Наряду с опасным для здоровья ожирением (вы­званным по большей части быстрым распространени­ем фастфуда и другой переработанной пищи), между­народным бедствием стала депрессия. Из всех следствий развития общества именно депрессия пря­мо свидетельствует об утрате чрезвычайно важных составляющих человеческого счастья. Но, как писал Лиотар («Сказки постмодерна», 1997), «отчаянье рас­сматривается как расстройство, по отношению к которому необходимо принимать меры, а не как при­знак невосполнимой утраты». В США депрессия за­нимает четвертое место среди основных причин не­трудоспособности, причем по прогнозам к 2020 году она займет уже второе место. Несмотря на то, что сейчас прослеживается реакционная тенденция при­давать большое значение генетике и химическим пал­лиативам, возникновение депрессии гораздо сильнее связано с растущей изоляцией отдельных индивидуу­мов внутри развитого общества. Здесь важны показа­тели спада социальной и гражданской активности населения; развитие феномена депрессии и его углуб­ление отмечено ростом аутизма, запойного пьянства и безграмотности. «Почему в эпоху так называемого триумфа Запада так много людей ощущают одиноче­ство и заброшенность и чувствуют себя настолько паршиво?» — спрашивает философ Брюс Уилшир («Мода на нигилизм: критика аналитической филосо­фии», 2002).

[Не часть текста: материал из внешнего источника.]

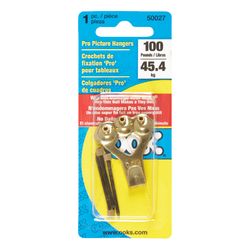 HILLMAN OOK Gold Professional Picture Hanger 100 lb 1 pk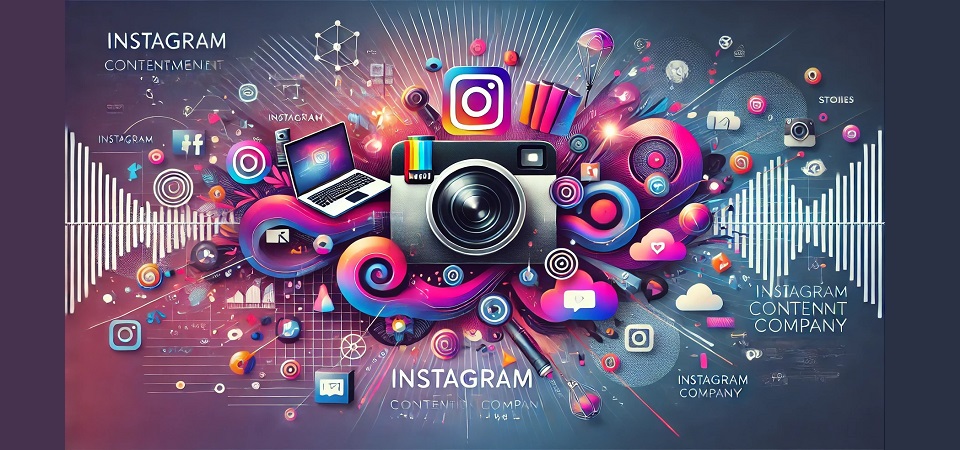 بهترین شرکت تولید محتوا اینستاگرام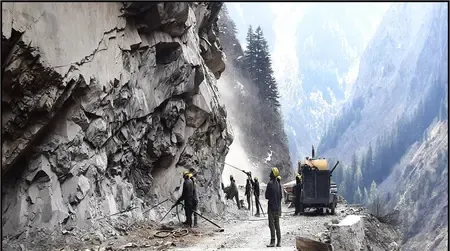 हिमालय के दुर्गम क्षेत्रों में 66 वर्षों से रास्ता दिखा रहा बीआरओ का ‘दीपक’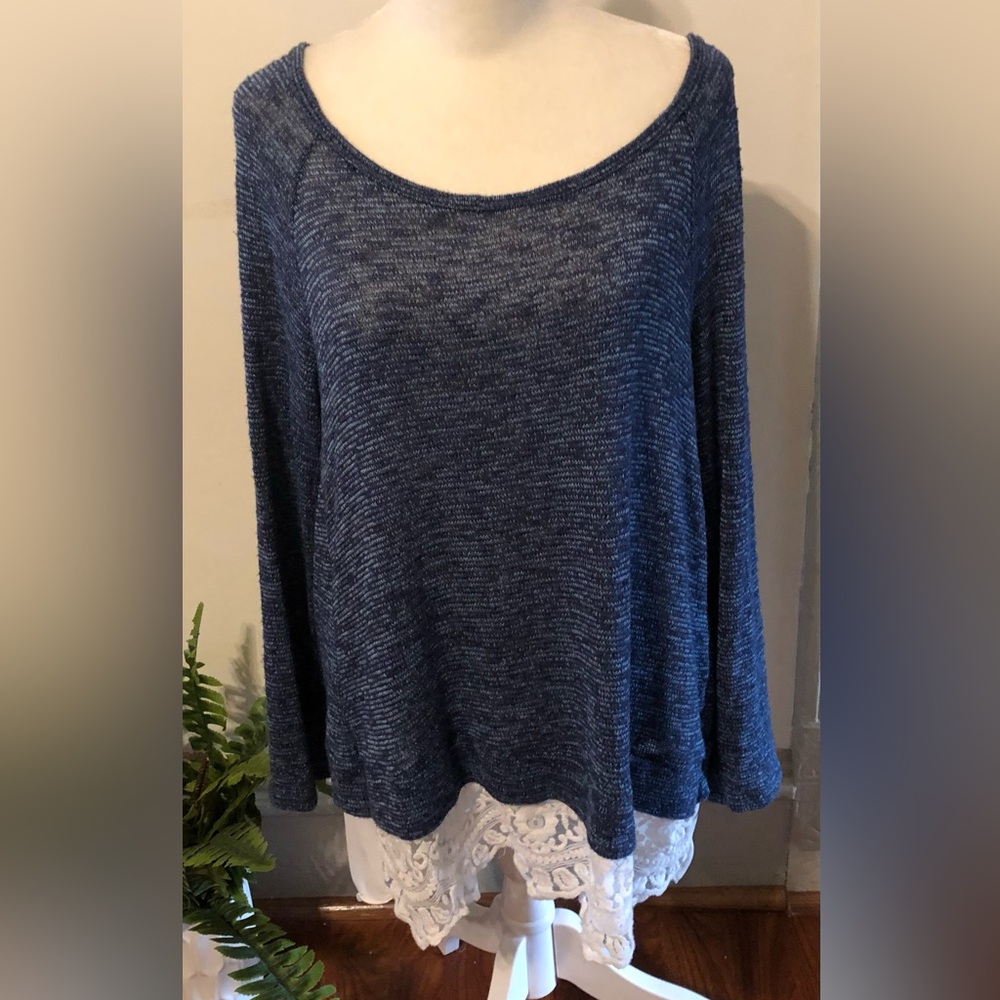 Wrangler Top Sz XL Boho Western Chic Versatile Relaxed Fit EUC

Не должно теперь показаться парадоксальным то, что углубление расстройства происходит на фоне воз­растания роли экспертов в управлении повседневной жизнью. Люди не доверяют институциям, и потеряли уверенность в самих себе. Элисса Гутман в своей кни­ге «Профессия — жизнь вечеринки» (2003) пишет о наемных «мотиваторах» — профессионалах, гаранти­рующих успешную социализацию. Более серьезная вещь: рациональный подход проникает в нашу жизнь со все более раннего возраста. Детей в возрасте двух лет уже запросто начинают пичкать таблетками от де­прессии и бессонницы.

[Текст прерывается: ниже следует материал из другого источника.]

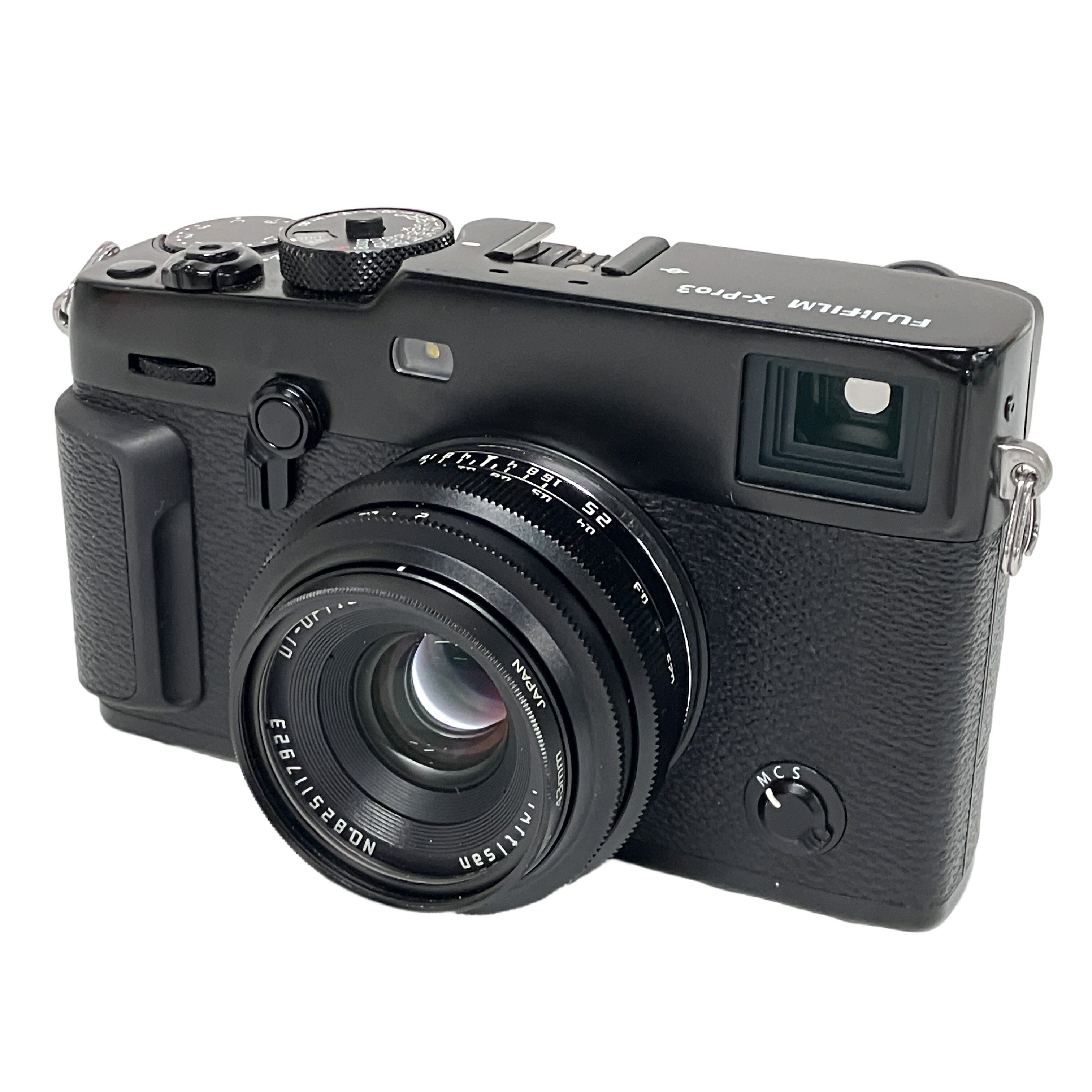 【中古】 FUJIFILM X-Pro3 鏡鑑受け答え 上半身 一眼二眼レフ 写真器 富士写真フィルム 映画化機具 フジフイルム 中古  F11222721 カメラ・ビデオカメラ・光学機器-ミラーレス一眼カメラ-TV・オーディオ・カメラ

Складывается впечатление, что бесчисленное ко­личество постмодернизмов и фундаментализмов заме­няет собой веру в будущее. Маркузе задавался вопро­сом: нет ли в стремлении нарциссиста к целостности и совершенству зародыша совершенно нового пони­мания реальности? И даже — не может ли быть так, что примирение противоречий — вопреки Гегелю — возможно только вне исторического времени?

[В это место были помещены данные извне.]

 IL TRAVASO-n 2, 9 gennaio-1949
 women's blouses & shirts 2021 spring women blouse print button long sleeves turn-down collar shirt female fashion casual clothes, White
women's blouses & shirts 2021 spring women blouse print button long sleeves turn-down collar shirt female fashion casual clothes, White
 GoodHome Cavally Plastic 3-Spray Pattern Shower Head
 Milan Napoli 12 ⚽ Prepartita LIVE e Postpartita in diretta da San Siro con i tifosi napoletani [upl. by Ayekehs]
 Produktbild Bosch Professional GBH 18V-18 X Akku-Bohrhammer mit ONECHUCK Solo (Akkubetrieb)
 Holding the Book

Те «критики», что остались (например, Хомский, Деррида, Рикер и Пламвуд), призывают к созданию глобального аппарата управления и планирования — под властью которого, надо сказать, у человека станет еще меньше права на собственный голос. Антитотально настроенный Деррида желает появления «Нового Интернационала», видимо, не имея понятия о нуле­вой степени «демократии» нынешних политических структур. Такая поверхностность, игнорирование и иллюзорность, конечно же, представляют собой одо­брение продолжающегося процесса опустошения. Ко­нечно, если решением проблемы может быть государственническое регулирование, оно неминуемо будет тоталитарным. И в лучшем случае частичным — так как никогда не затронет движущие силы цивилиза­ции, такие как разделение труда или одомашнивание. Для некоторых из нас совершенно очевидно, что настоятельно необходим отход от виртуальности, гло­бальной властной системы, неограниченных средств информации и прочего. Разрыв с этим гибнущим ми­ром — ради вовлеченности, личного диалога, отказа от подавления природы и нас самих. Тодд Гитлин («Неограниченные средства информации», 2002), ко­торый отвергает этот отказ, называя его только лишь «желательностью», прав в другом: «Поэтому у после­довательных аболиционистов не остается другого вы­бора, кроме как стать радикальными и бескомпро­миссными примитивистами, презирающими блага общества потребления и твердо решившими уничто­жить звенья невидимой цепи, которая связывает сов­ременное производство, потребление и подразумева­емую ими технологию. Только бесстрашные примитивисты смогут создать постиндустриальную целостность».